We know that Falun Gong practitioners are not here to enjoy comfort but to assist Master in the Fa-rectification and saving sentient beings, which is the most urgent task currently. How can we be stopped by the cold weather and inconveniences caused by the weather? Looking at so many truth-clarification materials that had not been distributed, and thinking about the many sentient beings waiting to be saved, I felt very worried yet did not take any action. I was still protecting myself with a strong attachment to comfort and selfishness. I kept wanting to wait till the weather was better before doing anything. Thus I begged Master to increase my righteous thoughts and to eliminate all interferences and attachments to fear. Whatever it is, I must do what a practitioner should do. I also sent forth righteous thoughts to eliminate all the elements that interfere with sentient beings and their understanding of the facts about Falun Gong. I wanted the truth-clarification materials to be spread on a wider scale.
I took all the materials and put them in a bag, stepped outside on the wet and slippery road, and set off. If one has the sincerity and determination to save sentient beings, Master will make wonderful arrangements. I soon got used to the cold wind that pierced my bones. It was difficult to put materials on some windows and I was very worried. When distributing the materials I hoped that I could leave quickly, and this showed my attachment to fear. The ground was frozen and slippery and it was difficult to move around, so I had to proceed carefully. In my heart, I always feel this regret. We should create the environment to clarify the truth in an aboveboard manner in public and on a larger scale. But as of now, the environment in this area has yet to be rectified. Most of the time we secretly distribute truth-clarification materials to let people know the facts. Although I had these thoughts, I continued to clarify the facts and encouraged myself that as long as I follow the requirements of Master and did not give up, the bad elements would become less.

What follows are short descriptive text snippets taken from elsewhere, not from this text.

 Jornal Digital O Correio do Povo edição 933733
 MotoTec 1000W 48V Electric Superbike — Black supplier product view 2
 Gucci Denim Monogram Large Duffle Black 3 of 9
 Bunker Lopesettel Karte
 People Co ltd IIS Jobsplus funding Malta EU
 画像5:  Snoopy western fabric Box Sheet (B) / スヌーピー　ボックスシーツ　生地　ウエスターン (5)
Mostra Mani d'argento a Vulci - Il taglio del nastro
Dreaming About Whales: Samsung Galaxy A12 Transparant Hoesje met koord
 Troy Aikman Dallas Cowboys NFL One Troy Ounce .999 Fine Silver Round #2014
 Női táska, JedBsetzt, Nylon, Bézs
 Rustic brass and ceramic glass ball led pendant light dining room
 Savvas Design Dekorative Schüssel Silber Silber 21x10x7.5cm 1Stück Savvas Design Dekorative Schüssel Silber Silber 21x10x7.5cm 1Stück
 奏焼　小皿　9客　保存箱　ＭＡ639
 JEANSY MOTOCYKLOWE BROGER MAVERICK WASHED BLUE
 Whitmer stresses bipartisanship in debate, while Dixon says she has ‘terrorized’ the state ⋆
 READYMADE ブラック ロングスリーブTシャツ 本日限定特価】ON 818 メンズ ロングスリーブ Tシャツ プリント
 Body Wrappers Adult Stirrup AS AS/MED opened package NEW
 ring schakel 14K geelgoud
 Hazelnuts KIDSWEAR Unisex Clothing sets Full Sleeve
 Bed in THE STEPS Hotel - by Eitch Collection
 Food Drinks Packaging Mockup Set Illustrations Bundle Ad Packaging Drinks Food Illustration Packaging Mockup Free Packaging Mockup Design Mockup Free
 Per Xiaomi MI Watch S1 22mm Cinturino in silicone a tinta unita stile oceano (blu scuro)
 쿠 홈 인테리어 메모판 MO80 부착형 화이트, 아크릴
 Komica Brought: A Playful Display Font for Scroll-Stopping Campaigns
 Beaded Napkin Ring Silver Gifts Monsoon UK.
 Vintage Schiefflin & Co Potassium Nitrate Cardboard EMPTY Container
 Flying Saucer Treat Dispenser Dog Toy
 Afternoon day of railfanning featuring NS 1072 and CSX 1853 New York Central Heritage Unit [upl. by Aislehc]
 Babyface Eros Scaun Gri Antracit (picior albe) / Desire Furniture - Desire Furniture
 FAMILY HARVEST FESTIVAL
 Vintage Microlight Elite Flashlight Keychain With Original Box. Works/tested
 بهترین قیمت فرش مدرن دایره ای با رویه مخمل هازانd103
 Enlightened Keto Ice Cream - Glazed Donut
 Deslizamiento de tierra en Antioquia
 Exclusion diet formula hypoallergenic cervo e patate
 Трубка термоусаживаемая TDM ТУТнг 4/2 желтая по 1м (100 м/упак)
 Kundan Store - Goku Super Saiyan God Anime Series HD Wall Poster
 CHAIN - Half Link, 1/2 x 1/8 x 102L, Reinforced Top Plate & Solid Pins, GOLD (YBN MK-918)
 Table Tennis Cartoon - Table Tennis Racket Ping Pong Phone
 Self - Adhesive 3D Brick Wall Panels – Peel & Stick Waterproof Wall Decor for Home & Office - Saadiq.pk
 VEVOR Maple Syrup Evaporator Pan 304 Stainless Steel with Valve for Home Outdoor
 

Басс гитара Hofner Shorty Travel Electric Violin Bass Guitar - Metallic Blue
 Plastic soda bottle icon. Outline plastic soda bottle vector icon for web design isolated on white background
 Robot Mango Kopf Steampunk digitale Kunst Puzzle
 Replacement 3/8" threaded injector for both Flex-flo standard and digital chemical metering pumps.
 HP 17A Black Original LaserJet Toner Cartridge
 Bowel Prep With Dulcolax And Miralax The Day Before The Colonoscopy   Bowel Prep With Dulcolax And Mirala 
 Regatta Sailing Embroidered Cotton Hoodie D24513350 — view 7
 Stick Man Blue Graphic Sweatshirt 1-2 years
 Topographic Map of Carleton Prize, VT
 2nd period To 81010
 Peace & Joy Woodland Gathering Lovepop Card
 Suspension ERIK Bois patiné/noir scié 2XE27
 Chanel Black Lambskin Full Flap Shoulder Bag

I walked around in this small city and people continued to walk past me. I kept on walking and distributing. I tried my best to give people truth-clarification material in a timely manner. I soon was able to distribute all the materials in my bag and felt that Master was encouraging and helping me. I had never been that efficient before and sometimes felt down and thought that perhaps it is because I did not do well. Perhaps someone was trying to remind me that the material was not placed properly and that each and every piece of material is very precious. Perhaps my heart was still not pure and I was thinking about completing a task.
When I returned home, I suddenly realized that I still placed too much emphasis on myself. I was still very attached to things in this world and thus for a long time let my pessimism, procrastination, and even bad weather become excuses for not being diligent. This hindered my progress, and I thought perhaps fellow practitioners also had notions and situations similar to mine. Therefore, I wrote down my understanding to encourage all of us not to allow anything, including the attachment to comfort, hinder our progress and prevent us from being diligent. What we must do, we definitely need to do better, and we need to have higher expectations of ourselves.